Task objective.
Return the lines below exactly, please, from the one containing "Victorias Secret PINK" through the last one, both included, and leave out any pictures.

Records excerpted from a collection.
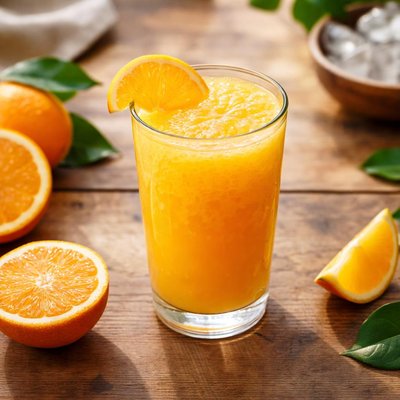 Glass of pulpy orange juice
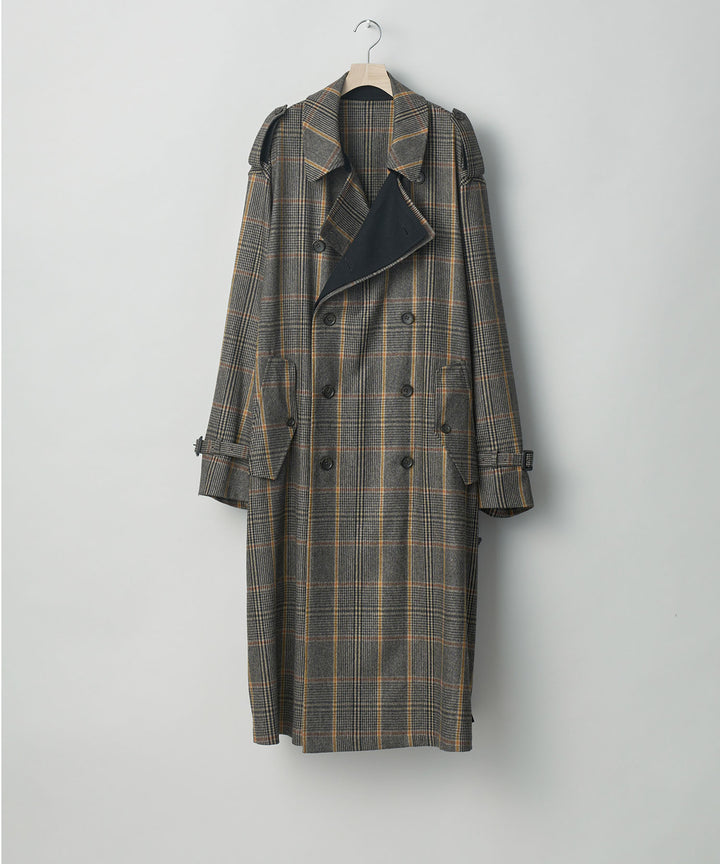 stein(シュタイン)の23AWコレクションOVERSIZED DOUBLE LAPELED TRENCH COATのGLEN CHECK × BLACK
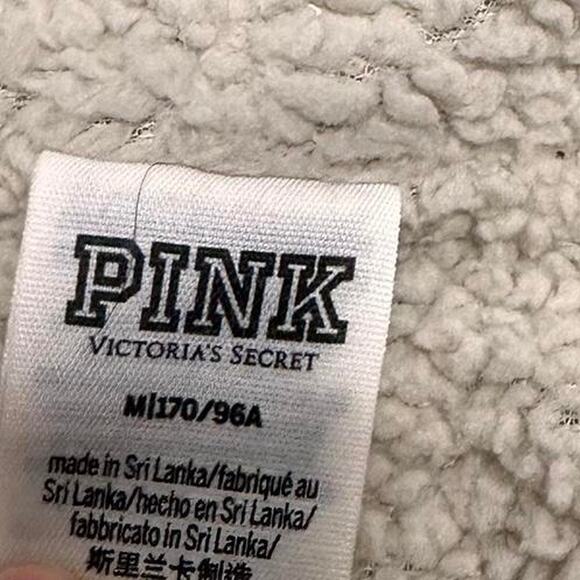 Victorias Secret PINK Size M Vintage Sand LOVE PINK Light Weight Zip up Jacket - Picture 4 of 4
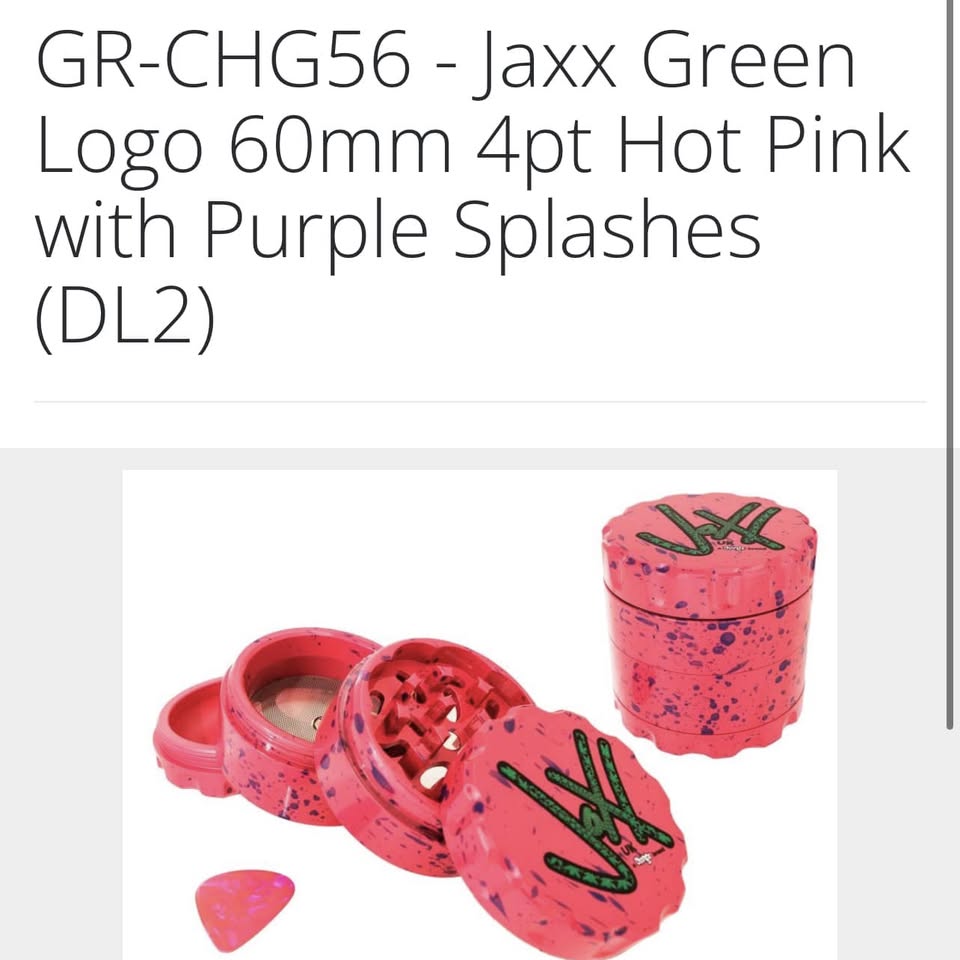 Jaxx Green Logo 60mm 4-Part Grinder Hot Pink with Purple Splashes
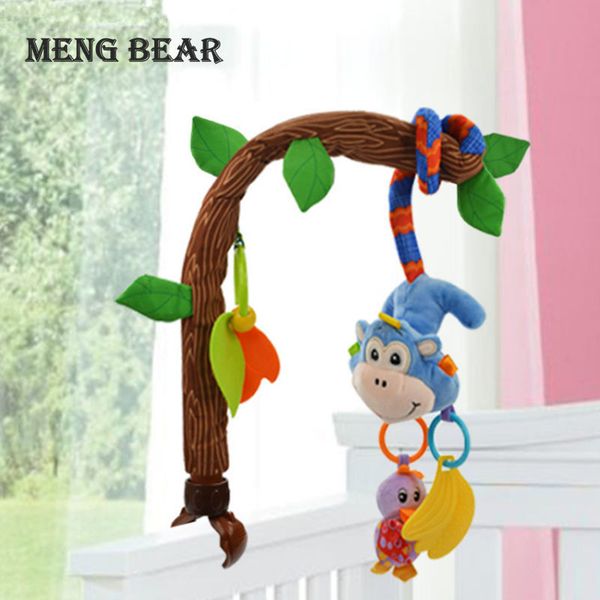 

meng bear baby rattles toys mobiles bendable infant crib hanging toy bed bell music + teethers rustle paper for 0-12 months baby t200429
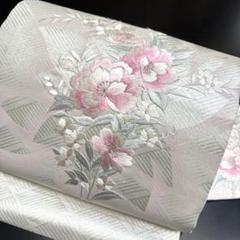 3-164 名古屋帯 九寸 美品 正絹 着物 名古屋仕立て 中古】 名古屋帯 リサイクル 正絹 仕立て上がり 九寸名古屋帯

Problem solution.
 Victorias Secret PINK Size M Vintage Sand LOVE PINK Light Weight Zip up Jacket - Picture 4 of 4
 Jaxx Green Logo 60mm 4-Part Grinder Hot Pink with Purple Splashes

meng bear baby rattles toys mobiles bendable infant crib hanging toy bed bell music + teethers rustle paper for 0-12 months baby t200429
 3-164 名古屋帯 九寸 美品 正絹 着物 名古屋仕立て 中古】 名古屋帯 リサイクル 正絹 仕立て上がり 九寸名古屋帯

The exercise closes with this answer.